Désormais soutenue par les quatre groupes parlementaires de gauche à l’Assemblée nationale et par quatre organisations syndicales représentatives, il est le fruit d’un travail de plusieurs mois associant des ONG spécialisées réunies dans un Forum citoyen pour la RSE (dont Oxfam, le CCFD et Sherpa). S’il est adopté, il créerait une responsabilité civile et pénale pour les maisons mères établies en France.
La proposition de loi prévoit d’inscrire une obligation de prévention des dommages sanitaires, sociaux, environnementaux liés aux droits de l’Homme dans le Code du commerce. Si une entreprise ne peut pas justifier qu’elle a pris les mesures nécessaires de prévention, des sanctions à la fois civiles et pénales seront appliquées. Philippe Noguès, président du groupe d’étude parlementaire sur la RSE a ainsi estimé « qu’il s’agissait d’un juste milieu entre le tout incitatif (les démarches volontaires regroupées sous le terme de Soft Law) et le trop coercitif ».

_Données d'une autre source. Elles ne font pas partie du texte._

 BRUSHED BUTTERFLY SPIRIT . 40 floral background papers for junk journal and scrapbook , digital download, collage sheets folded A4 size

La situation économique en berne ne joue pas en faveur de telles initiatives
Pourtant, dans un contexte d’austérité généralisée et d’une économie mondiale en berne, l’économie française particulièrement, de nombreuses voix s’élèvent contre toute initiative risquant de nuire à l’efficacité commerciale des entreprises. William Bourdon évoque des « forces actives » qui veulent compromettre, entre autres, le projet de loi de devoir de vigilance des grandes entreprises françaises. Il fait sans doute référence à Nicole Bricq qui, en mars, encore ministre du Commerce extérieur et chargée de relancer les exportations et de rééquilibrer la balance commerciale française, s’y opposait fermement avec le soutien de Bercy. Elle y était encouragée par Matignon et l’Élysée aussi, convaincus que, sans le soutien des entreprises, la courbe du chômage ne s’inverserait pas.

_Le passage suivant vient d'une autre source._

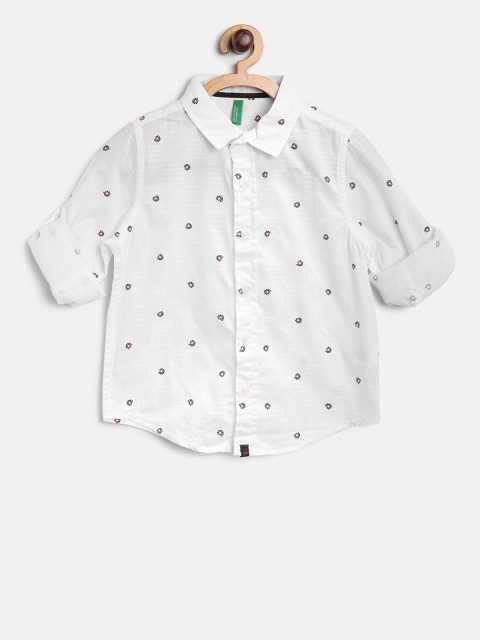 

United Colors of Benetton Boys White Printed Casual Shirt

La responsabilité des entreprises s’inscrit dans une logique à long terme
Or, William Bourdon le rappelle : « la mondialisation économique et financière n’obéit plus qu’à une logique de court terme, mais à long terme, les entreprises irrespectueuses des droits humains nuisent à leur propre rentabilité ». Si la loi en discussion rend responsables les entreprises, elle a pour corollaire de les contraindre à s’investir activement dans la prévention des risques, ce qui à long terme, participe à la stabilité des pays dans lesquels elles travaillent. Car c’est bien là que l’enjeu se situe. Alors que les grands distributeurs craignent surtout les problèmes de sécurité et le manque de visibilité économique, il s’agit, pour William Bourdon, de convaincre les entreprises et les acteurs étatiques qu’ils ont intérêt à contribuer aux mesures qui garantissent la cohésion et la stabilité sociale.

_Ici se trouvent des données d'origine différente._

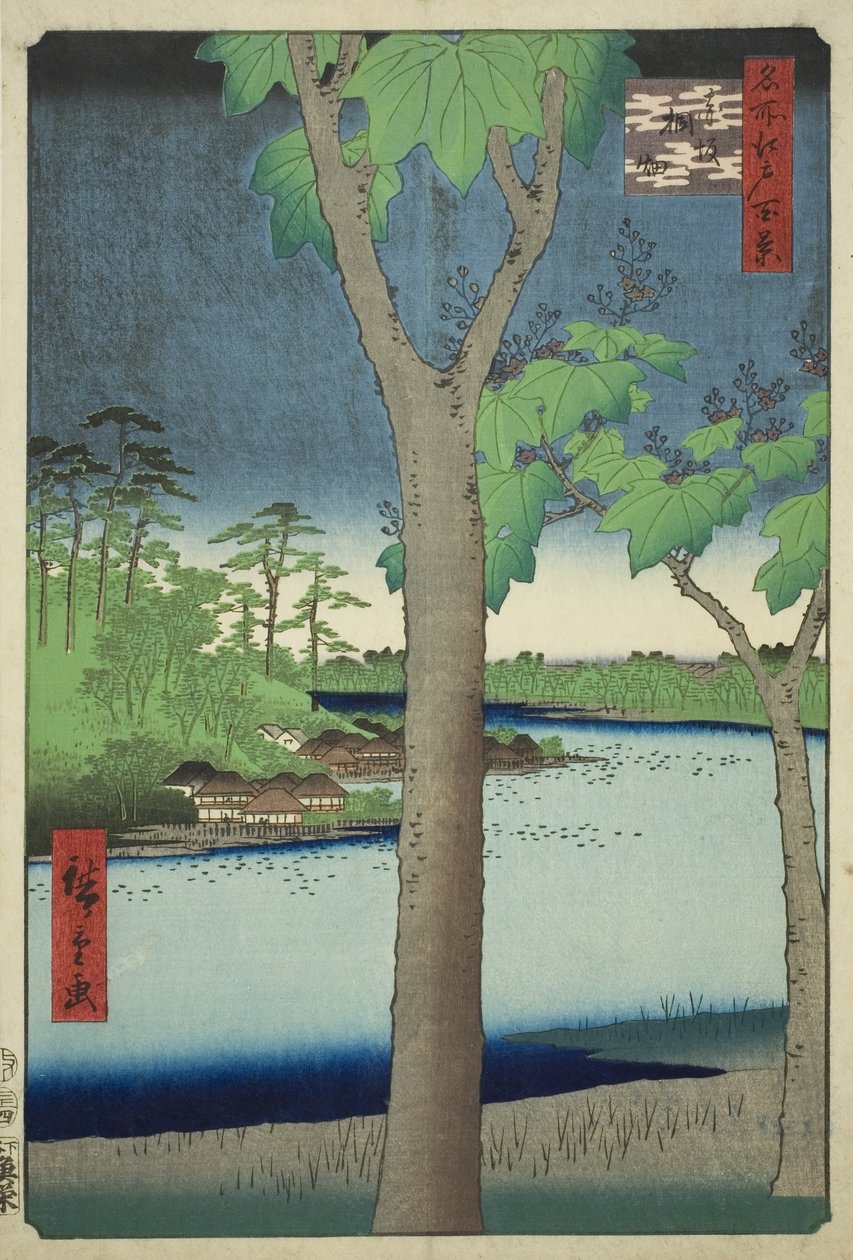 Het Paulownia Bos bij Akasaka, uit de serie "Honderd Beroemde Zichten van Edo" door Utagawa Hiroshige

Les ouvriers acceptent de moins en moins passivement leurs conditions
Les grèves et les tensions politiques en Asie du Sud-Est résonnent comme une preuve flagrante de la nécessité d’un changement urgent dans la façon dont les entreprises occidentales travaillent dans les pays où elles ont des sous-traitants et des filiales. Au Bangladesh, malgré la tragédie du Rana Plaza, les conditions de travail restent déplorables. Les promesses d’amélioration faites par les principaux donneurs d’ordre sont loin de s’être traduites dans les faits. Les élections législatives de janvier se sont soldées par des émeutes violentes. Au même moment, au Cambodge, des grèves et des tensions politiques ont exacerbé une situation déjà tendue.
Les changements viendront peut-être de la prise de conscience collective par les premiers concernés : les grèves au Cambodge, comme celles au Bangladesh, sont l’expression de la colère de milliers d’ouvriers du textile, souvent des femmes, qui prennent conscience des conditions déplorables dans lesquelles ils travaillent, et ne sont plus disposés à les accepter passivement.